The officers’ attorney said that she doesn’t know of any allegations that haven’t been aired publicly.
The pairs’ statements are the latest exchange in a long-running dispute that includes a lawsuit filed against town officials by former Belhaven police Lt. Joshua Hopkins. Former Belhaven police Chief George Hayden was the other man fired.
The fired officers had signed the waiver ahead of a town hearing at which they contested their dismissal.
At that hearing, Mary-Ann Leon, the lawyer representing the pair, presented witnesses to rebut a list of allegations that included drug use, improper storage of evidence, failure to follow directives from a superior, failure to respond to calls and failure to be an active presence in the community.

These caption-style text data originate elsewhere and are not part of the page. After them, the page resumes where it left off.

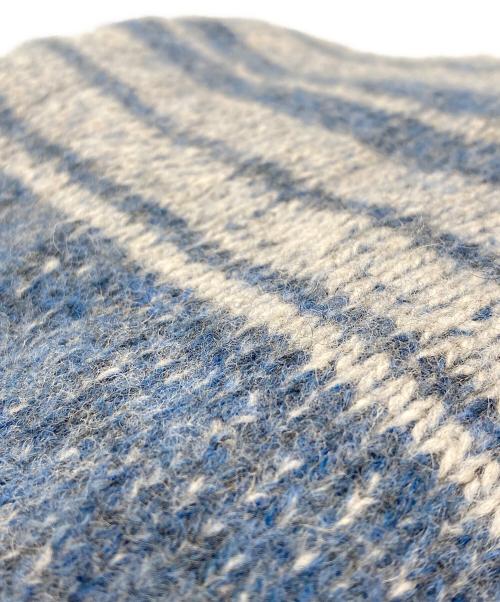 Denham（デンハム）Denham (デンハム) フリンジウールマフラー インディゴの古着・服飾アイテム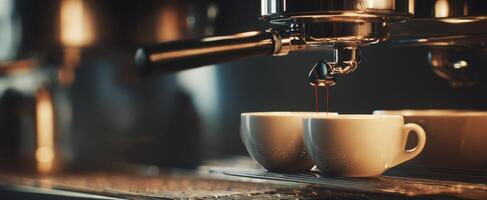 The espresso brewing process creating rich coffee in stylish cups. photo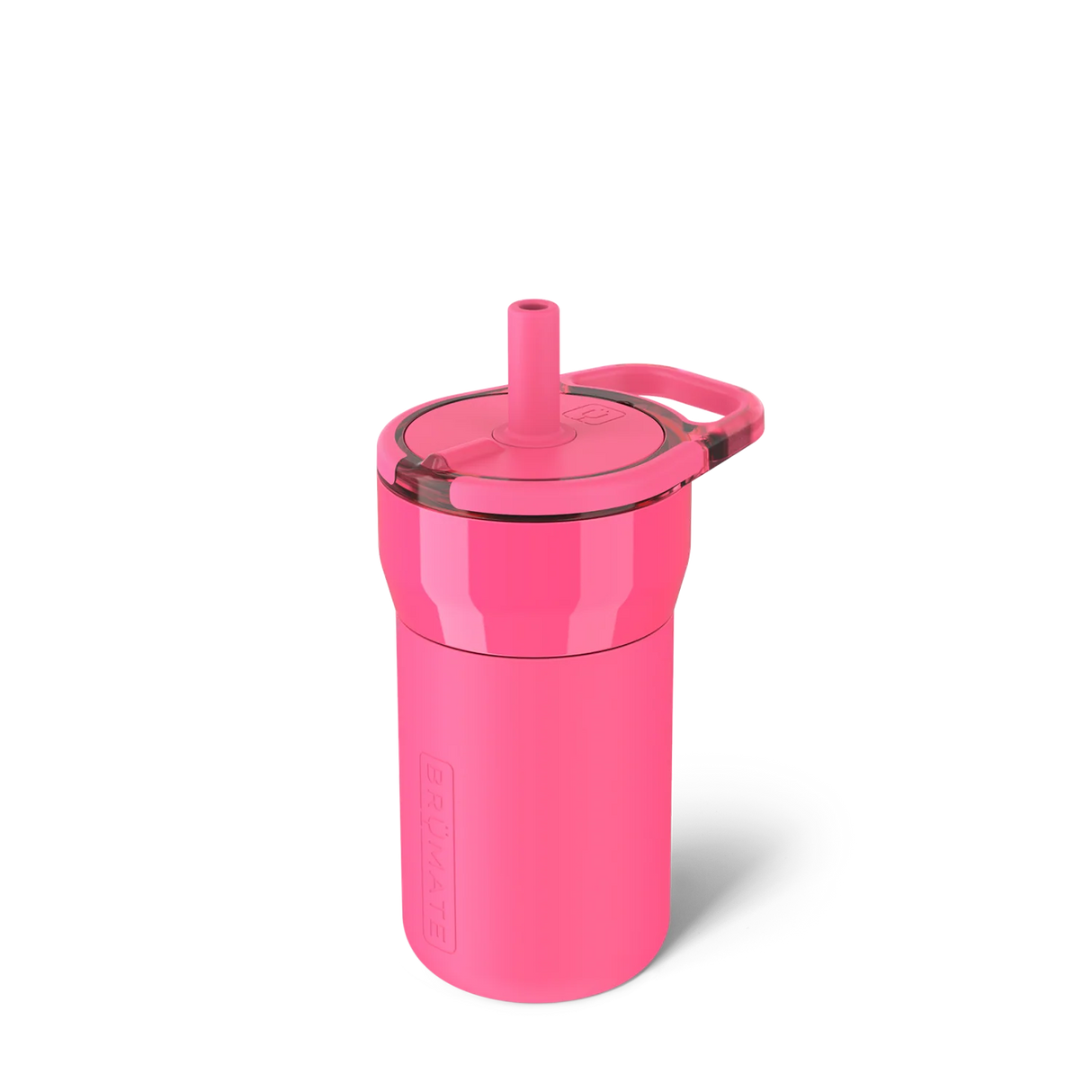 Pink sippy cup with a straw on a white background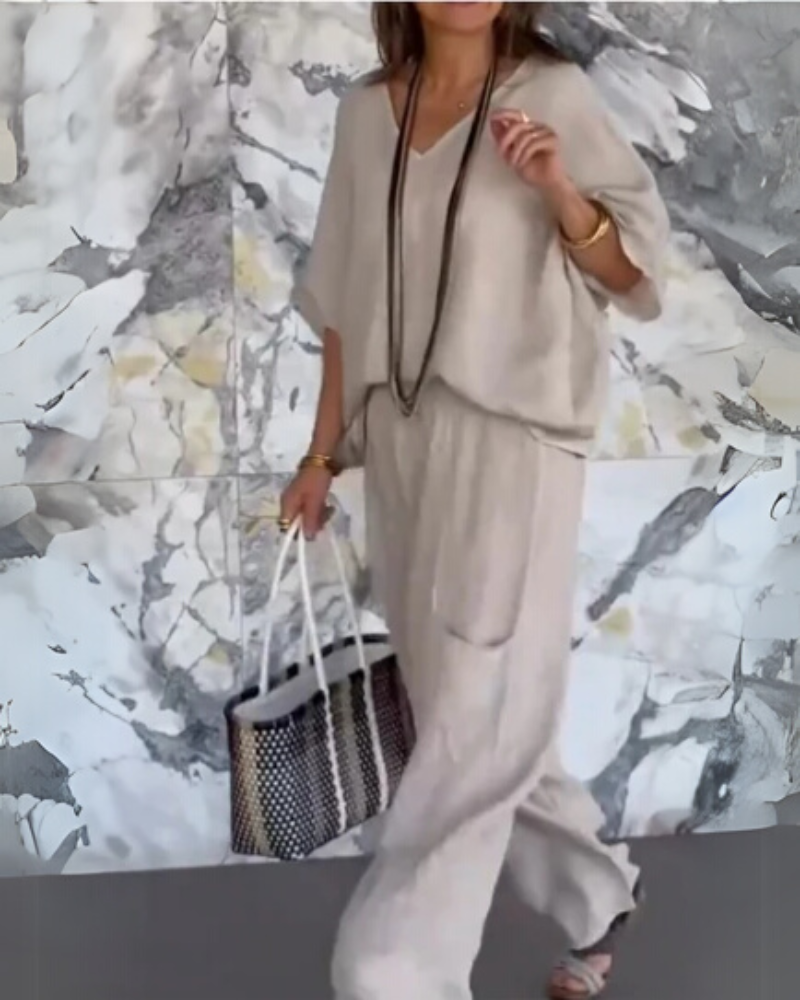 SAIRELA - Completo casual in cotone e lino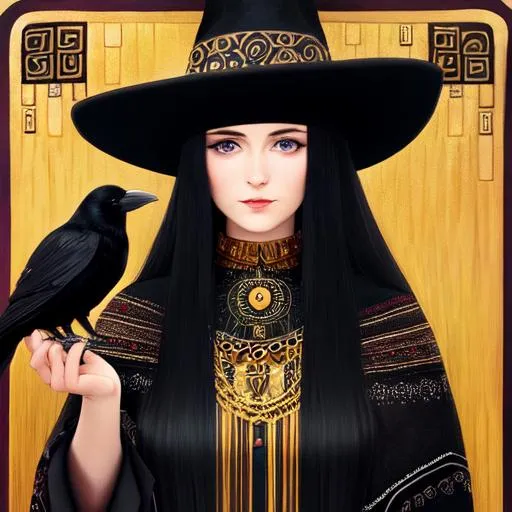 dark queen attractive woman in Gothic dress. Raven in hand. holds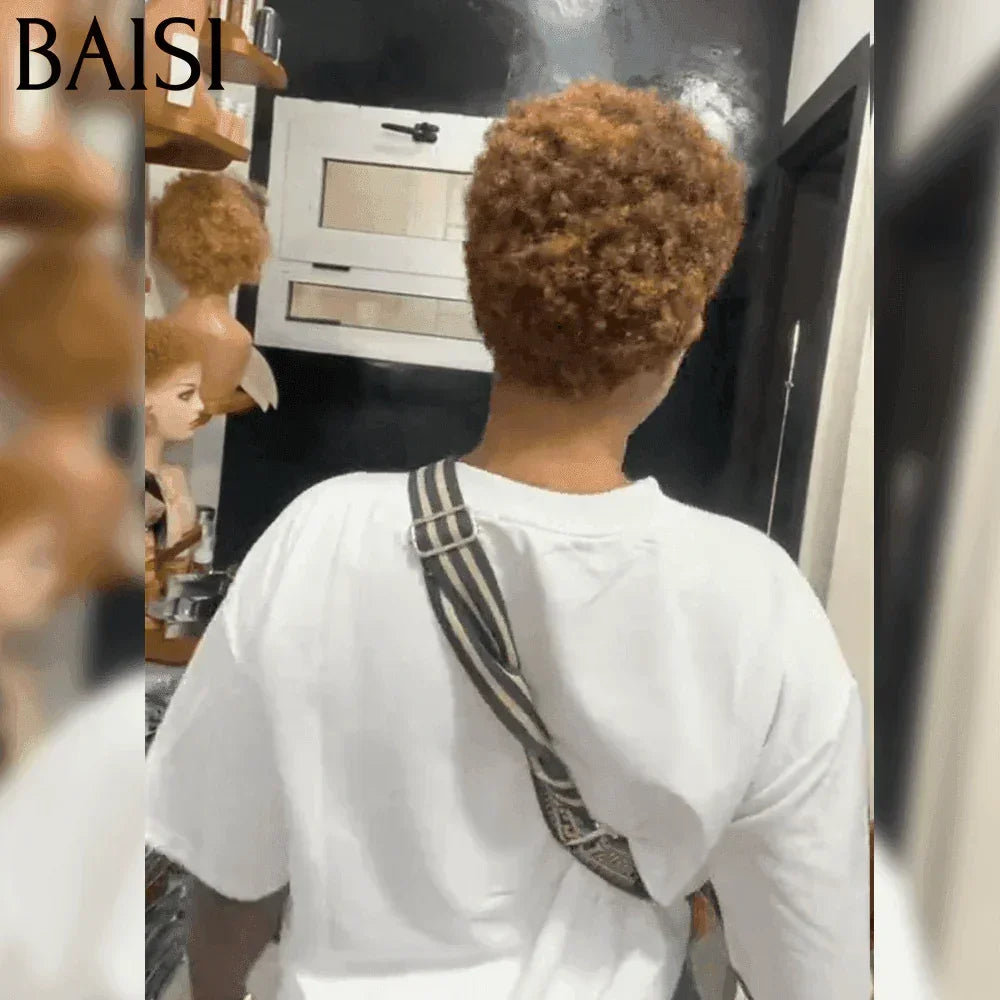 BAISI Offre Flash Perruque Pixie Afro 13x4 lace frontal marron 100% cheveux humains F-905 FR38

Hopkins’ suit alleges that O’Neal and Guinn Leverett, the town’s interim manager, conspired to defame him so as to hurt his professional prospects, specifically that they told members of the Beaufort County Sheriff’s office Hopkins had been fired because he was seen using narcotics in his police vehicle.
But that hearing and the lawsuit have presented only some of the facts, O’Neal said, and he can’t give out the rest until the new waiver is signed.
The town has asked the pair to sign a full release in order to “allow the Town to provide additional information” or else clarify that they have only granted a partial release, O’Neal wrote.
Reached by phone, Leon said her clients had raised all the major allegations they were aware of during the hearing.
Leon said she didn’t think any allegations were omitted during the hours-long hearing. If any were, they must be “miniscule,” she said.
And Leon said that because the law that governs privacy in town personnel matters also requires full disclosure from the town to the officers, those should be all the allegations that exist.
O’Neal declined Saturday to confirm or deny the existence of other allegations, saying only that the town’s attorneys had advised him to issue the press release and to decline to comment on any allegations against the two until a full waiver has been signed.
Leon disagrees with the town’s interpretation of the first waiver, but her clients might be willing to sign a second if the town ensures full disclosure, she wrote in an e-mail to the Daily News.
And Leon questioned the timing of O’Neal’s Saturday press release and the second waiver request, which she wrote she received “late in the afternoon of July 2nd.”